And while the Stones were busy imploding, James Fox was getting to know some very interesting people. Johnny Shannon was an old school 'character' and boxing second who'd been in Henry Cooper's corner when he flattened Cassius Clay. Through Shannon, Fox, until then almost exclusively known for playing foppish types, learnt how to dress and talk like a 'chap'. He also learnt how to box, becoming so good that Shannon let him have a pop at one of his pupils: "Jimmy loved it. He caught the other bloke on the nose and when the blood started to flow, you saw Jimmy's eyes light up. He was a good strong boy, Jimmy".
"While Cammell’s CV is far sparser, Mick Jagger is in no doubt who the real brains behind the film was. 'Nic Roeg wasn’t the director of Performance,' he explained, 'certainly not in the way that you and I think of it. Certainly not of the acting'."
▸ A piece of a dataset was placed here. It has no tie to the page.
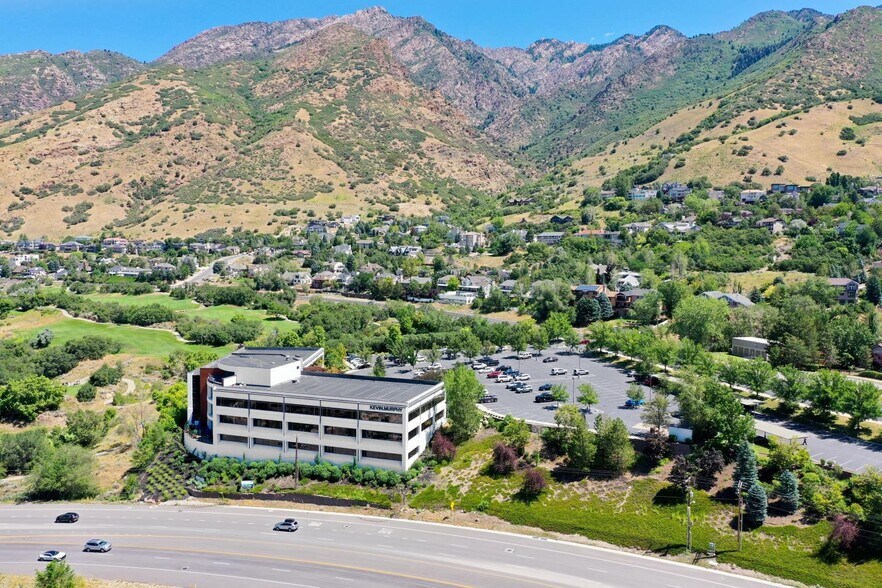 6440 S Wasatch Blvd, Salt Lake City, UT à louer - Photo du bâtiment - Image 1 de 12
Fox's transformation into East End tough was completed through consultations with David Litvinoff and John Bindon. Infamous for his association with Princess Margaret, Bindon's other claims to fame included supporting roles in Get Carter and Ken Loach's Poor Cow and a medal for bravery that was awarded to him after he rescued a man from drowning; a man many people believe Bindon was actually trying to murder. Litvinoff, meanwhile, was almost an amalgamation of London's most infamous 'identities' Ronnie and Reggie Kray. Homosexual, violent but with incredible connections, Litvinoff illustrated how the underbelly had become a part of everyday society. As such, he was the perfect person to teach the aristocratic Fox how to enjoy a "bit of a cavort".
But still things weren't heady enough for Cammell. So he threw his girlfriend Michelle Breton - a French model with a thing for troiism - into the mix. And he cast his advisers Bindon and Shannon, the latter landing the key part of gay gang boss Harry Flowers. At last, the madhouse was open for business. And once Cammell and Roeg were done filming, James Fox was only fit for asylum living.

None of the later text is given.